In message <[email protected]>, Alex Bligh writes:
>The issue is not how you authenticate an individual neighbor,
>but how you differentially authenticate the data sent
>from that peer.
>
>That authentication can be deployed manually (we trust
>that peer entirely so won't filter them down to we require manual
>prefix-list updates from that peer), but it is difficult
>to do manually. IRR based filtering has well known problems.
>There have been a number of suggestions for in-band (i.e.
>within BGP or at least within router) authentication.
>I have not yet seen one with no disadvantages. This is
>not a dissimilar problem to the Usenet2 authenticated
>news issue - it's not generally the direct peer that's
>the problem, it's some of the articles/routes they
>receive indirectly, and mistakenly trust.
>
>-- 
>Alex Bligh
>GX Networks (formerly Xara Networks)

This is exactly the problem, the generally deployed security models
today are not any better than "trust no one" or "trust anyone".
The registriest would seem a good idea, but only of limited utility when
not everyone trusts them.  The regional IP registries operate routing
registries so in theory, since no provider I know of has gone on record
saying so, those registries should be authoratative for the "owner" of a 
prefix.  Of course if large groups of providers trust the registry
to maintain the data accurately and honestly, that gives those registries
substantial technical control over routing policy.  (I.e. would be the
the same as dropping a prefix of the registry or delegated provider
dropped the in-addr.arpas.

Largely we don't see conflicts of an actual prefix being announced
by hostile parties, where there isn't a technical parent/child
delegation relationship.  The badness of such an event probably
is why.

The operator community has seemed fairly responsive to real operational
problems, and unresponsive to issues that don't have technical merit.

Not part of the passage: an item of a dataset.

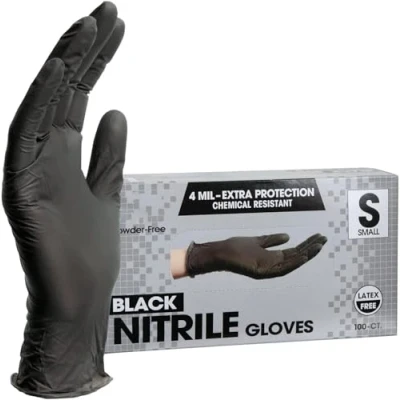 Image of PROMART Disposable Nitrile Gloves Black, Chemical Resistant, Powder Free, Latex Non Sterile, Food Safe, Black,100 Count (1000, SMALL)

Its good to have the tools in place and the technology understood
in the event its need, but to some extent just having the tools
is enough (MAPS-smurf/spam).

I suppose when someone finds a quick and dirty hack to remotely
cause BGP sessions to flap between providers on private peering or
public peering points, the "trust everyone" model will have to
examined again.  Largely I feel it would result in ingress filtering
much like smurf attacks have with directed broadcast.

I mean, with the way smurf attacks used to be, I'd never expect to
see a notice from UUnet indicating that one of my customers address
space was operating as a smurf amp, with 4 whole hosts at 256k.  Heck
I wasn't even sure for a long while, if I'd even be able to get anyone
at UUnet security on the phone during a smurf attack.

Actually I see that as the largest reliablity problem, is that
these attacks are not tracked down, and the offenders are never corrected,
because you cannot get in touch with an actual human in the security
department during the 15minutes to 4 hours of an attack.